> Goal of the exercise: The material below must be restated exactly, line by line.

....................

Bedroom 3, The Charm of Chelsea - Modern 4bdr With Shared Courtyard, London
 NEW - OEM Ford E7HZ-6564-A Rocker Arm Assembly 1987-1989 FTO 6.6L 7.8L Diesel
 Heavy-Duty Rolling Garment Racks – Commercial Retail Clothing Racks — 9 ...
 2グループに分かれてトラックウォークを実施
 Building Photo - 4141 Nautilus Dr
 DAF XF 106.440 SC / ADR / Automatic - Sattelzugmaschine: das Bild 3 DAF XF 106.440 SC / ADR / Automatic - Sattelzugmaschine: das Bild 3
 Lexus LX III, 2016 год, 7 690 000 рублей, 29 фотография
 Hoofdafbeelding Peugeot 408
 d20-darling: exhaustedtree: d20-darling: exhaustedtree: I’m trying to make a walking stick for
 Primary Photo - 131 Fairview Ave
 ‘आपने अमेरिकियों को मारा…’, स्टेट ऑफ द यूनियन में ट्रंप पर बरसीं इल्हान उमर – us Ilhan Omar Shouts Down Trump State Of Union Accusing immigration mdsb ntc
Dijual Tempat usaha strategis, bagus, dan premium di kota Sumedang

....................

> Written response:
Bedroom 3, The Charm of Chelsea - Modern 4bdr With Shared Courtyard, London
 NEW - OEM Ford E7HZ-6564-A Rocker Arm Assembly 1987-1989 FTO 6.6L 7.8L Diesel
 Heavy-Duty Rolling Garment Racks – Commercial Retail Clothing Racks — 9 ...
 2グループに分かれてトラックウォークを実施
 Building Photo - 4141 Nautilus Dr
 DAF XF 106.440 SC / ADR / Automatic - Sattelzugmaschine: das Bild 3 DAF XF 106.440 SC / ADR / Automatic - Sattelzugmaschine: das Bild 3
 Lexus LX III, 2016 год, 7 690 000 рублей, 29 фотография
 Hoofdafbeelding Peugeot 408
 d20-darling: exhaustedtree: d20-darling: exhaustedtree: I’m trying to make a walking stick for
 Primary Photo - 131 Fairview Ave
 ‘आपने अमेरिकियों को मारा…’, स्टेट ऑफ द यूनियन में ट्रंप पर बरसीं इल्हान उमर – us Ilhan Omar Shouts Down Trump State Of Union Accusing immigration mdsb ntc
Dijual Tempat usaha strategis, bagus, dan premium di kota Sumedang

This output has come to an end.